Total, si Venezuela quiere recuperar su libertad, tiene obligatoriamente que transitar por otros caminos. En caso contrario, esta será la historia del gallo pelón.

Venezuela no tiene nada que inventar. Lo que debemos llevar a cabo es rehacer los pasos perdidos de nuestros antepasados.

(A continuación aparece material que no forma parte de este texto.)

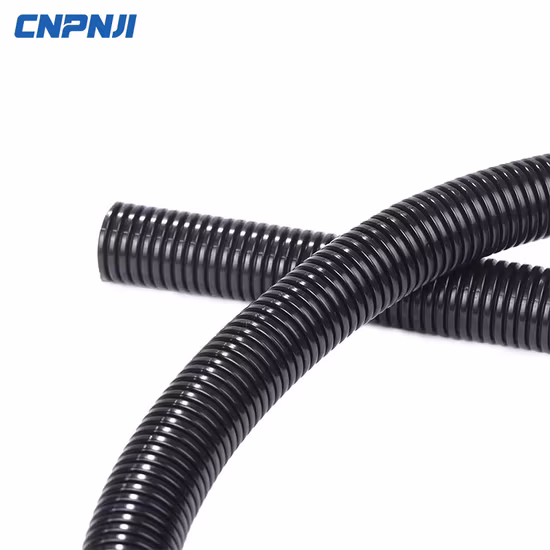 PA6 PP PE Electrical Flexible Corrugated Plastic Rubber Hose Conduit Tube Hot Selling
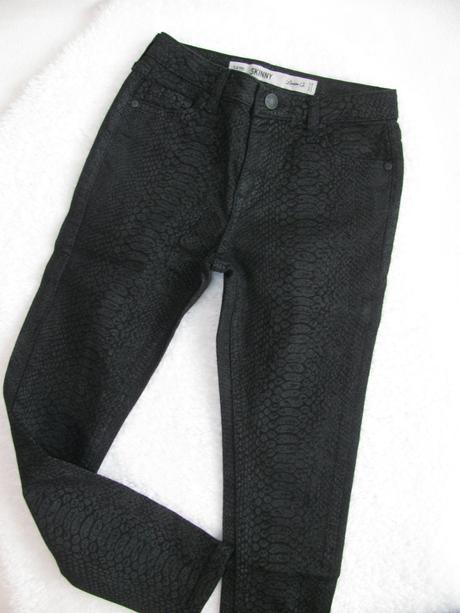 Černé pružné kalhoty, džíny,skinny denim co, denim co,128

Luego del 19 de abril de 1810, la colonia, en secreto, decidió convertirse en una república independiente. Y, por todos los caminos reales y veredas, pueblos y pequeñas ciudades de la antigua Capitanía General de Venezuela se fueron eligiendo y movilizando diputados comprometidos con la libertad. El sueño de ser libres se fue tejiendo entre cientos de hombres que tomaron por encargo de pueblos, cantones y provincias la creación de un país independiente. Y, sin todavía ser un estado, escogieron a Caracas como el lugar para levantar un primer gobierno libre en Venezuela.

Esa es la esencia del 5 de Julio de 1811. Los diputados, los hombres de la antigua Capitanía General de Venezuela, se comprometieron en la libertad y en la independencia de las siete provincias del Imperio Español. Y bautizan al país, se lo encomendaron a Dios, y le sacaron su partida de nacimiento. Hoy llamamos a ese momento y a ese documento el día de la Declaración de Independencia. En ese instante se creó un gobierno autónomo e independiente de la metrópoli y del resto del mundo. Dispuesto a todo. A consciencia de lo que se venía encima. Pero esos venezolanos de principios del siglo XIX tomaron el riesgo.

Hoy, más de 200 años después, un puñado de miserables liderados por el traidor de Hugo Chávez confiscaron y entregaron nuestra independencia y a nuestro país a un puñado de potencias infames, haciendo de la Venezuela de 2023 una neocolonia de Cuba, Irán, Rusia y China. Por eso, debemos pensar en llevar a cabo una segunda independencia para la actual colonia que es Venezuela. En estos 60 días que nos separan del próximo 5 de julio, debemos escoger en cabildos a 201 diputados y reconocer la Junta de Gobierno que asumirá el poder para independizar a Venezuela. Ya que estos no son marcianos.

Estos no son marcianos, pero también han llegado a nuestro país por nuestros recursos, y no les importa en lo absoluto nuestra extinción. Porque la Venezuela de hoy no es una película de Hollywood, es una espantosa realidad.